To assess the impact of homogenisation on trends of HSavg and HSmax, decadal trends are calculated for each homogenisation method and the original data, respectively. Figure 4 shows the trends for HSavg in the left panel and for HSmax in the right panel. Trends are expressed in centimetre per decade for the period from 1961 to 2021 for each method and station of the non-homogeneous sub-set, and black dots indicate significant trends. For HSavg, we found an overall similar pattern across the methods. Figure A3 shows the trends as differences between original and homogenised values for Climatol, HOMER and interpQM for both HSavg and HSmax separately. Two of the original series (St. Moritz, Unterwasser-Iltios) show positive trends, whereas HOMER displays positive trends for Simplon and Glarus. No trends are positive with interpQM or Climatol. Except for Glarus (HOMER), none of the positive trends is significant. Homogenisation made the HSavg trends of 17 (HOMER) and 18 (Climatol, interpQM) of the 40 stations either negative or more negative and of 21 (interpQM), 22 (Climatol) or 23 (HOMER) less negative, respectively. Table 3 describes the mean and median trends across all stations as well as the change from positive to negative and significant to non-significant and vice versa for both HSavg and HSmax. The mean trends of HSavg for Climatol and HOMER appear to be weaker than for the original and homogenised interpQM.

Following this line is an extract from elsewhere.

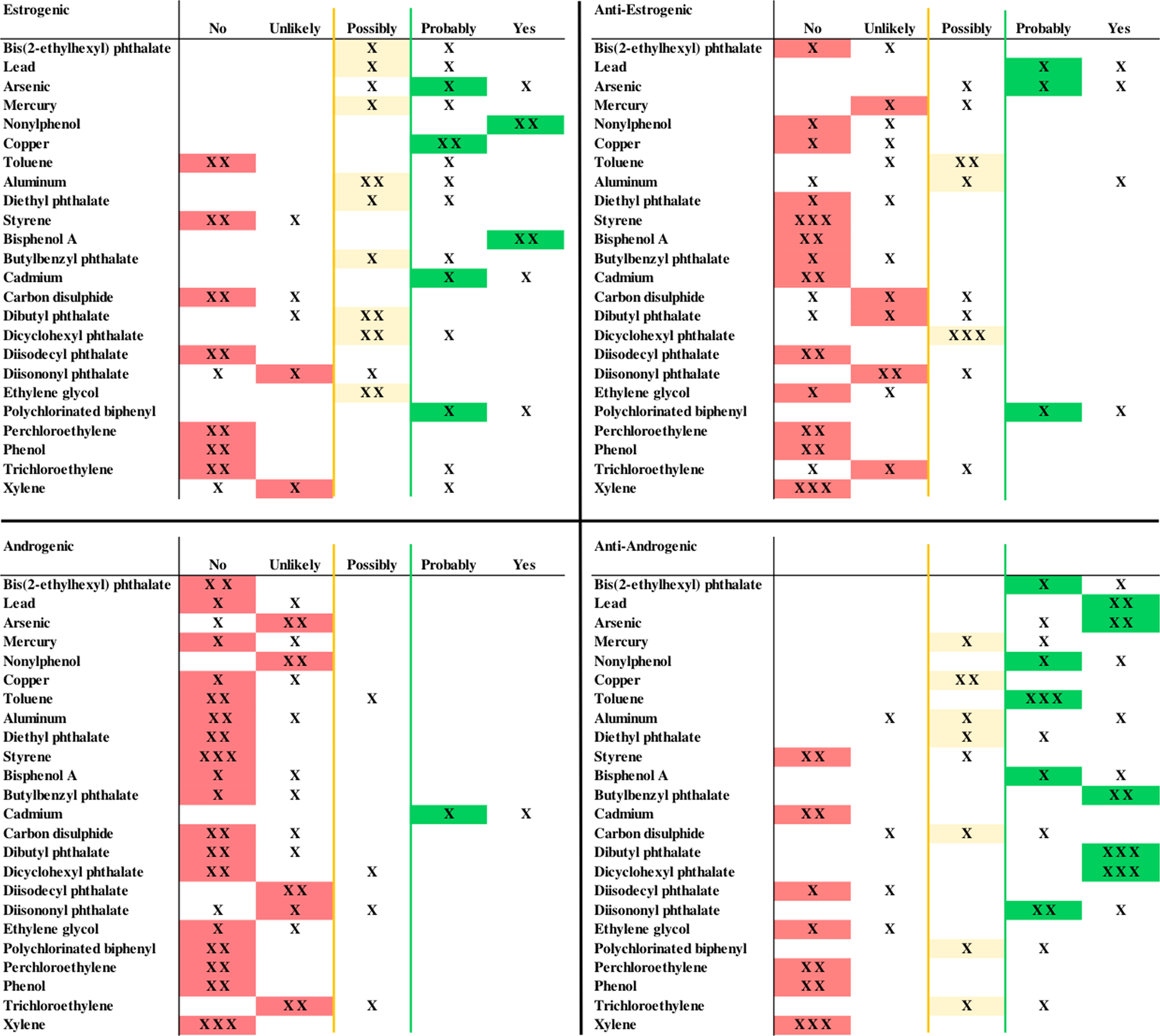 An Approach To Classifying Occupational Exposures To Endocrine Disrupting Chemicals By Sex Hormone Function Using An Expert Judgment Process Journal Of Exposure Science Environmental Epidemiology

Figure 4 further reveals that the homogenised trends for HSavg mimic the pattern of the original trends, which shows almost zero trends for stations below 500 m, strong negative and significant trends for the group between 1000 and 1500 m, followed by mostly non-significant trends for stations between 1500 and 1600 m a.s.l. This suggests that the various intrinsic ways of building reference series and sub-networks of the underlying homogenisation methods do not have a significant impact on decadal trends of HSavg.

The vast majority of the trends for HSmax, 37 of the original series and 39 for all the homogenisation methods, show a negative trend, as shown on the right-hand side of Table 3 for details. The number of significant trends is about 20 % lower than for HSavg, with interpQM showing the largest and HOMER the lowest number of significant trends. The most striking difference between the patterns of HSavg and HSmax in Fig. 4 is the area without significant trends. This is between 1500 and 1600 m a.s.l. for HSavg for all homogenisation methods and below 1000 m a.s.l. for HSmax, with the exception of time series adjusted by interpQM. There seems be no particular altitudinal pattern, except that the trends below 1000 m a.s.l. are weak for all the methods and increase in strength between 1200 and 1400 m a.s.l. This suggests that the trends for HSmax, in contrast to HSavg, appear to be more sensitive to the underlying homogenisation methods.

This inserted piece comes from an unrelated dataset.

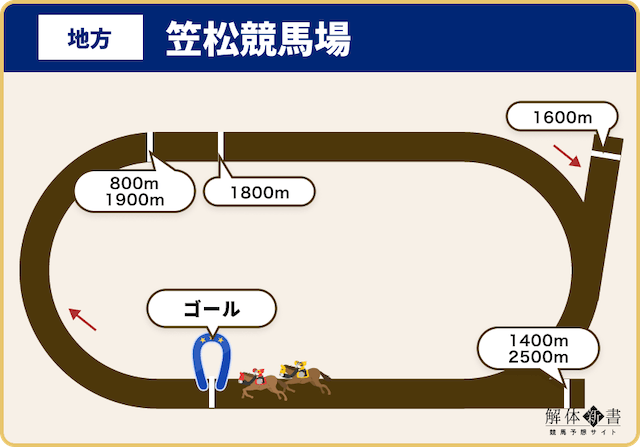 笠松競馬場全距離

The performed KS test for revealing noticeable differences between the original and adjusted HSavg time series showed significant differences for four stations for HOMER (Meien, Klosters, Sils-Maria, Stans) and two each for Climatol (Meien, Sils-Maria) and interpQM (Klosters, Stans). The W test showed similar results with six stations for HOMER (Meien, Klosters, St. Moritz, Glarus, Sils-Maria, Stans), five for Climatol (Meien, Klosters, St. Moritz, Glarus, Sils-Maria, Stans) and one for interpQM (Klosters). For a comparison of the results of the adjustment methods, the homogenised time series were compared against each other with the KS and W tests. With the KS test, significant differences were found for all the methods for two stations (Glarus, Stans). The W-test results were also significant between HOMER and Climatol for two stations (Luzern, Stans). For HSmax, the KS test showed significant differences between the original and adjusted time series for three stations for HOMER and interpQM (Klosters, St. Moritz, Elm) and two stations for Climatol (Klosters, St. Moritz). The W test was significant for four stations with HOMER and interpQM (Klosters, St. Moritz, Elm, Sils-Maria) and three with Climatol (Klosters, St. Moritz, Sils-Maria). The adjustment methods were significantly different only with the W test for three stations (La Comballaz, Saanenmöser, Samedan) between HOMER and Climatol.

Figure 4Comparison of trends calculated with original and homogenised data (Climatol, HOMER, and interpQM) for the period 1961–2021 for HSavg (left-hand side) and HSmax (right-hand side). Stations are ordered according to elevation. Black dots indicate statistical significance with p values below 0.05.


Table 3Statistics for trends of HSavg and HSmax for the period 1961 to 2021.

Percentages for significant negative and significant positive, indicated with an asterisk, are calculated based on the total number of negative/positive values, respectively.

Download Print Version | Download XLSX

4.3 Impact on extreme snow depths

To investigate a possible influence of the homogenisation on the magnitude and frequency of extreme snow depths, the absolute maximum snow depths (maxHSmax) recorded at each station over the entire period, the year with the absolute maximum snow depth and the difference between the original and homogenised maxHSmax are plotted for each station and homogenisation method. Figure 5 shows the results. Here we found that for the majority of series, the differences are 0. The differences are generally left-skewed, except for the largest differences observed with Climatol (Fig. 5d). This again suggests that, in contrast to the trends for HSavg, the differences between the methods are more apparent for HSmax. Furthermore, Fig. 5c clearly highlights the four known snow-rich winters of 1951, 1968, 1975 and 1999.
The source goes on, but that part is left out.